Peter Frampton said a former manager made sure he was always high on drugs in order to hide the fact he was ripping off the guitarist.

By the time he discovered the truth, Frampton said he was left with “less than nothing” and struggled to rebuild his career in the ‘80s.

In a new interview with The Guardian, Frampton said manager Dee Anthony, who died in 2009, told people never to discuss financial matters with him. “I was kept away from those things,” he explained. “I was kept high. If I needed weed, he made sure I had weed. If I needed cocaine, he made sure I had cocaine. He didn’t want me thinking about what was going on. ... I had less than nothing. I owed hundreds of thousands of dollars. … It was criminal. I could have put him in jail.”

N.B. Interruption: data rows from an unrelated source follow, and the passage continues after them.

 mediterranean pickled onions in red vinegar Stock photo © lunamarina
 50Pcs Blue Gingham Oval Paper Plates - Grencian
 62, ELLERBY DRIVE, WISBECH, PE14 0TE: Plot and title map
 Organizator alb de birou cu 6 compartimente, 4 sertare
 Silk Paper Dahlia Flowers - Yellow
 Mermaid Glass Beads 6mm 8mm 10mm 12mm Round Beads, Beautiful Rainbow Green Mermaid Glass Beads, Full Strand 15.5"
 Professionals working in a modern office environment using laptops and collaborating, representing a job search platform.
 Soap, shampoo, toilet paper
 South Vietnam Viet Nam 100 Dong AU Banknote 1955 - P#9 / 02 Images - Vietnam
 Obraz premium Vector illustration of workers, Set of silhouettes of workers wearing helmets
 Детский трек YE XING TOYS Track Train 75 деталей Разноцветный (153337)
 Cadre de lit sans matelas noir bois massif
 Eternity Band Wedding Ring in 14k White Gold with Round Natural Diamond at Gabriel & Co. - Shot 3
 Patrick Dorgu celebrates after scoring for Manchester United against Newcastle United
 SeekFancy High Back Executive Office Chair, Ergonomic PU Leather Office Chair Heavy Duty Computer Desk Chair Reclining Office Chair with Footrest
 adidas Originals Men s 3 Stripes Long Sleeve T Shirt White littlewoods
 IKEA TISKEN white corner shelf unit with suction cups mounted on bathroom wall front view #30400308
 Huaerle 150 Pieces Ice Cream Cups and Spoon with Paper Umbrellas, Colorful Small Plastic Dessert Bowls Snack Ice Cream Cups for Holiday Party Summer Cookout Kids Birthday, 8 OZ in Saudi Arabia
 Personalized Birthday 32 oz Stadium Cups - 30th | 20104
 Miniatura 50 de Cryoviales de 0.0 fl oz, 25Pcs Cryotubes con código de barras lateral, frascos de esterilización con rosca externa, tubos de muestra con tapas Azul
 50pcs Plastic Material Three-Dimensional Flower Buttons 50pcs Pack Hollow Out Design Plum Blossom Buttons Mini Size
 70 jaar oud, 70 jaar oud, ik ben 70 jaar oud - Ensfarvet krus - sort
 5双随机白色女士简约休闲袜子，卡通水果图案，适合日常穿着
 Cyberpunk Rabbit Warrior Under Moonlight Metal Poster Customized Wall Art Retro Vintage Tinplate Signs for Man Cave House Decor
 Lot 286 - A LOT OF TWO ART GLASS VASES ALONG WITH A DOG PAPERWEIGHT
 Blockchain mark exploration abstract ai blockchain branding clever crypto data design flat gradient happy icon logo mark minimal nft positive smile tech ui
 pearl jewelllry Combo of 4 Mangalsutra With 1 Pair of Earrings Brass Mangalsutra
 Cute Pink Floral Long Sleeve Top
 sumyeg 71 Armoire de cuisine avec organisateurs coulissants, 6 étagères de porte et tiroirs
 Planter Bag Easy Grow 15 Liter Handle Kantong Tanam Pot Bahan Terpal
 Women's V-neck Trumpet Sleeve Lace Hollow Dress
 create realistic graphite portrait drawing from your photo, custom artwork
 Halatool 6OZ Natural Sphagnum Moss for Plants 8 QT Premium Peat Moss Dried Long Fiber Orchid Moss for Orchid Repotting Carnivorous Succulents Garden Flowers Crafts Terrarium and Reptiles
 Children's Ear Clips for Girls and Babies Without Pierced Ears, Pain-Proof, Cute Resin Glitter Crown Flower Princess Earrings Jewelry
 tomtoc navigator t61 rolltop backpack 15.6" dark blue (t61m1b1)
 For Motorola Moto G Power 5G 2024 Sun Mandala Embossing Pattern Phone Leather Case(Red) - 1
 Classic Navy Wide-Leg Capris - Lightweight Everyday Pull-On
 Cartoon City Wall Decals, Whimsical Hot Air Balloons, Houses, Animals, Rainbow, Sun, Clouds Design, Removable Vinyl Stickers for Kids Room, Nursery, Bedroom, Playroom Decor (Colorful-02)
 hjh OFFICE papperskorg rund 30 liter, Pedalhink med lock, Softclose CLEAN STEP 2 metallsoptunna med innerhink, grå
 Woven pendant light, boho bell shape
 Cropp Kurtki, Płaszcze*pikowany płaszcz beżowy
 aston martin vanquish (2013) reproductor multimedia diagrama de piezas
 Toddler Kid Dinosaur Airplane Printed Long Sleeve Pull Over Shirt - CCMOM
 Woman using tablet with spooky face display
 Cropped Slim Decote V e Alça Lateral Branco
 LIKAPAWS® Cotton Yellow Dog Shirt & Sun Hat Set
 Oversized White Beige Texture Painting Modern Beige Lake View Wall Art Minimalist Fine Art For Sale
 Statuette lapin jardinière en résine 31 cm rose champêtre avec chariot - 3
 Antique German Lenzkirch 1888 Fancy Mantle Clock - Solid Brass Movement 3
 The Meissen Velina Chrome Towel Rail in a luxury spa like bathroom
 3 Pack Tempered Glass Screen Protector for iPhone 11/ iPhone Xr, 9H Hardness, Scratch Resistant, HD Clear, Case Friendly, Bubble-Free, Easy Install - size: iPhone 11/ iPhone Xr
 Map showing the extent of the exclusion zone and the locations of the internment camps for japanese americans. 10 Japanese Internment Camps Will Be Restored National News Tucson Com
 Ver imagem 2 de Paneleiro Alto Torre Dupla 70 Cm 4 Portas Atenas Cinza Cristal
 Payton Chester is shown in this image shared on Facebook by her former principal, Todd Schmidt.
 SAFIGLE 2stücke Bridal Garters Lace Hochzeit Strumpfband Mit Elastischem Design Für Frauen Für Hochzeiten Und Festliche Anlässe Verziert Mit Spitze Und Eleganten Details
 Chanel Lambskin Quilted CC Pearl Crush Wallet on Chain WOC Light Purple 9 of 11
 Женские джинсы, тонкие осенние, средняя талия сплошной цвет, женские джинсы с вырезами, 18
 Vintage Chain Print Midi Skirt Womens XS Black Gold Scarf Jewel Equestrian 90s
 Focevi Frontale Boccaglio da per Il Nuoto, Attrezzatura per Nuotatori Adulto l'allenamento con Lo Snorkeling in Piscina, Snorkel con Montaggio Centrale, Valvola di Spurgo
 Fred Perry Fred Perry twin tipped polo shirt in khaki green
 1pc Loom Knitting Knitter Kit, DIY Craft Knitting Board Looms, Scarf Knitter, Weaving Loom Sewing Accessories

In his upcoming memoir, Frampton said Anthony persuaded him to take part in the ill-fated Sgt. Pepper’s Lonely Hearts Club Band movie by telling him Paul McCartney was going to appear in it – knowing that wasn’t true. “There was barely a script,” he said of the 1978 production. “It just said, ‘Walk in here, someone will yell ‘playback’ and then you lip-sync. Everyone thought we were too big to fail.”

David Bowie helped rebuild Frampton’s career by taking him on tour in 1987. “I knew I would make it back,” the guitarist said. “It just took a lot longer than I thought."

Frampton's book, Do You Feel Like I Do?, will be published on Oct. 20.